Assignment =>
Among the entries below, the lines from the one with "White Striped Short" up to and including the one with "Christine V Short Sleeve Embroidered Tee" are to be restated exactly, without pictures.

Provided records =>
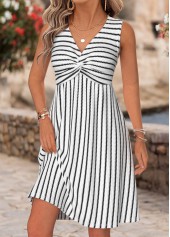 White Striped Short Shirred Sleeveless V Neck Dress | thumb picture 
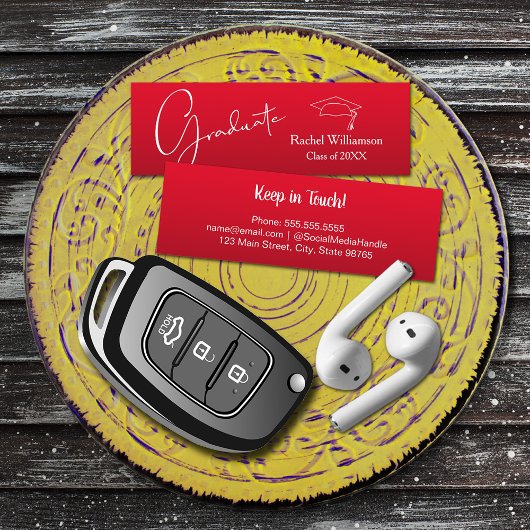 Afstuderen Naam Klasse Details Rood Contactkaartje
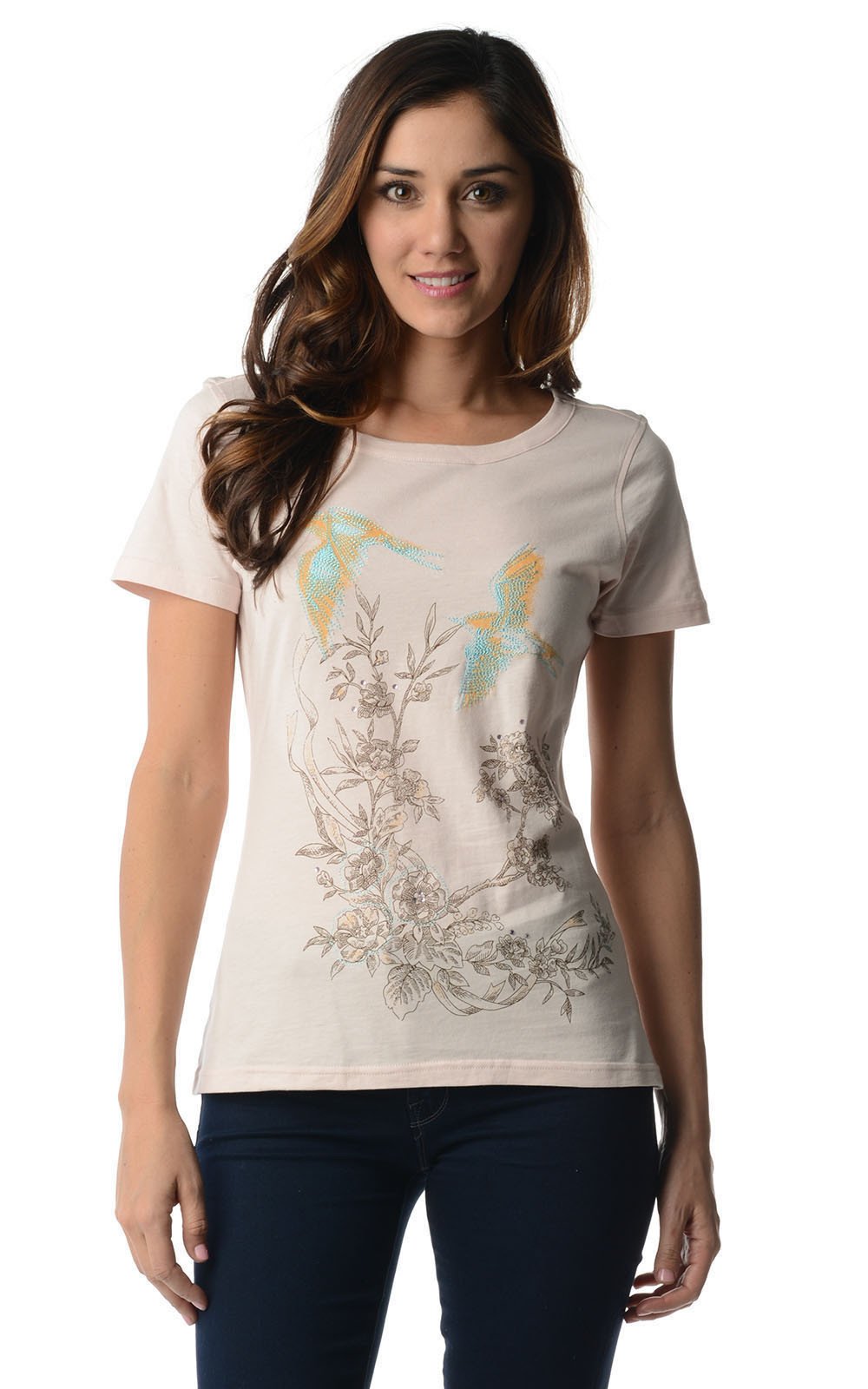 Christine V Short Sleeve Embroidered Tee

...

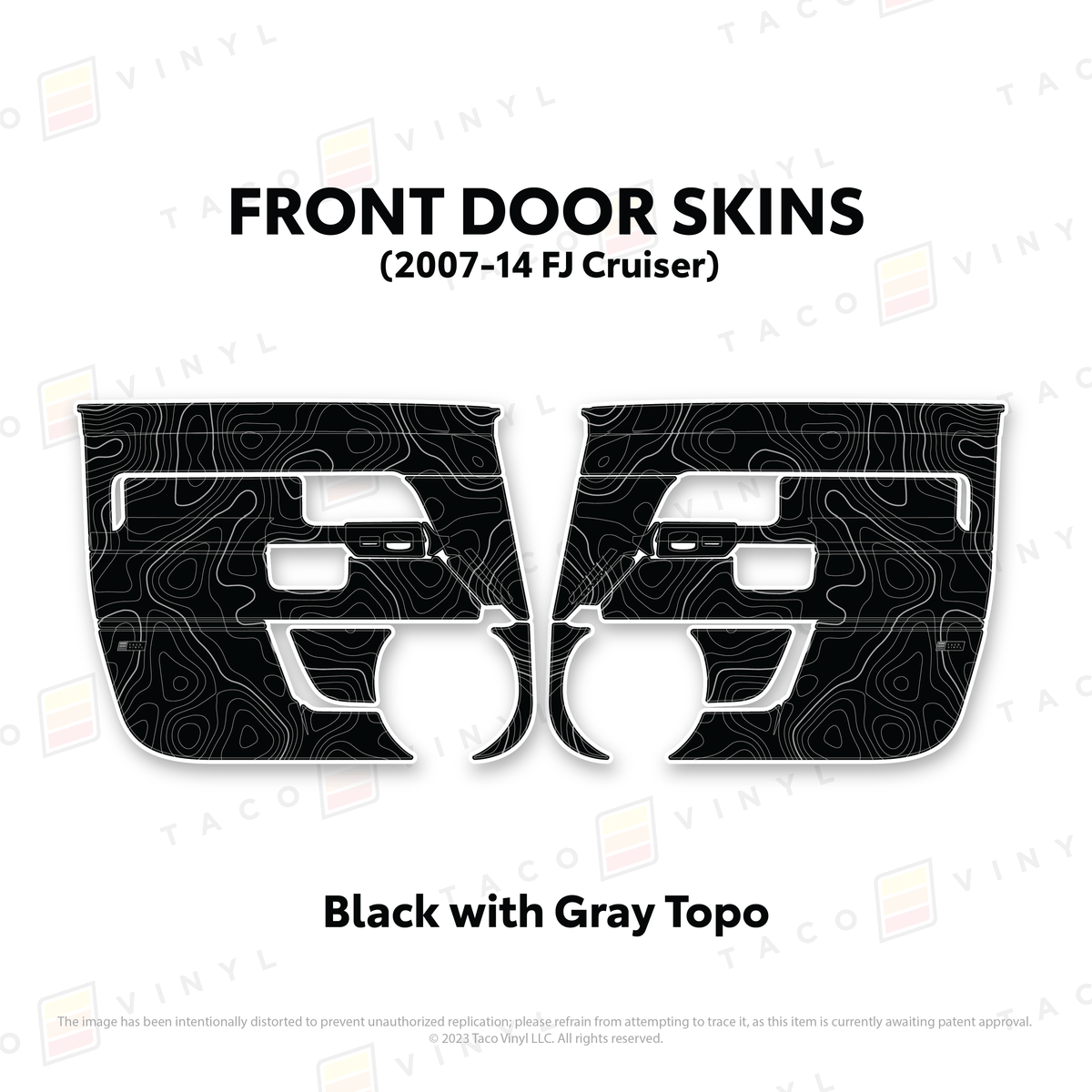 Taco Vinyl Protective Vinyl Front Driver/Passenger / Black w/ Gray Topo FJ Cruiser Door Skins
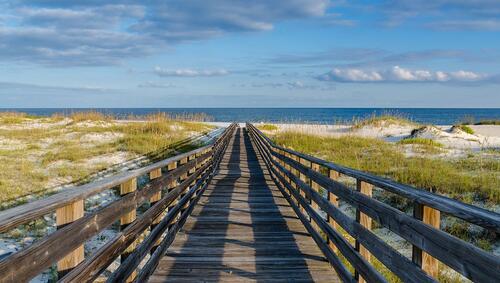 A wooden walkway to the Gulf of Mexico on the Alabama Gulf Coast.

Answer section =>
 White Striped Short Shirred Sleeveless V Neck Dress | thumb picture 
 Afstuderen Naam Klasse Details Rood Contactkaartje
 Christine V Short Sleeve Embroidered Tee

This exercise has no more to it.